À première vue, les sociétés chinoises offrent de meilleurs salaires : entre 5 et 8 millions de soums, soit jusqu’à 620 euros. Mais cette apparente générosité ne saurait masquer la réalité : les habitants ne sont plus propriétaires de leur outil de travail. Dans la région désertique de Kachkadaria, plus de 20 000 hectares ont été remis à l’entreprise JENGU. Cette dernière cultive du coton grâce à des systèmes de goutte-à-goutte sophistiqués, là où les agriculteurs locaux n’avaient ni technologie ni capitaux.
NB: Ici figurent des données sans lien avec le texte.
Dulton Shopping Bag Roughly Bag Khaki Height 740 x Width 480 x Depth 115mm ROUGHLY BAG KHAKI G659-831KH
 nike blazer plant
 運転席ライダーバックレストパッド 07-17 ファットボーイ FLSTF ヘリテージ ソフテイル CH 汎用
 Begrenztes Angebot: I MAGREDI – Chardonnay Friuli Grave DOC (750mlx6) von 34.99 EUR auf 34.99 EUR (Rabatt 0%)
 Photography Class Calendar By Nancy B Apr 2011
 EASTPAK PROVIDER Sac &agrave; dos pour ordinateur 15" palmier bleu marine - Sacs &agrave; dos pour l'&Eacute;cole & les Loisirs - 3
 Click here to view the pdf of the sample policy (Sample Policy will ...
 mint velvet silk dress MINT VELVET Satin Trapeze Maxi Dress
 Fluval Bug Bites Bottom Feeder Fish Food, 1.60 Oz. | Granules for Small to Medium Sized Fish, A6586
Des analystes locaux s’inquiètent également de l’usage massif de pesticides et de produits chimiques non identifiés. Un fermier d’Andijan confiait : « Les Chinois veulent cultiver du poivron sur nos terres. Ils utilisent des produits que nous ne connaissons même pas. Bientôt, ils auront tout pris, comme ils l’ont fait avec les Ouïghours au Xinjiang ».
Ouzbékistan : pion ou partenaire dans la stratégie chinoise ?
Derrière l’étiquette d’aide au développement, la stratégie chinoise ressemble de plus en plus à un piège à dette. Et l’Ouzbékistan ne fait pas exception. La politologue Narghiza Umarova rappelle : « Le cas du Tadjikistan, qui a cédé plus de 1.158 km² à la Chine, doit alerter ».
Le plus troublant ? Ce processus s’est déroulé sans qu’aucun document officiel ne soit montré aux fermiers. Aucun décret présidentiel n’a été publié. Aucune audience n’a été convoquée. Tout repose sur un mystérieux ordre oral du maire de région, Shukhrat Abdurakhmanov.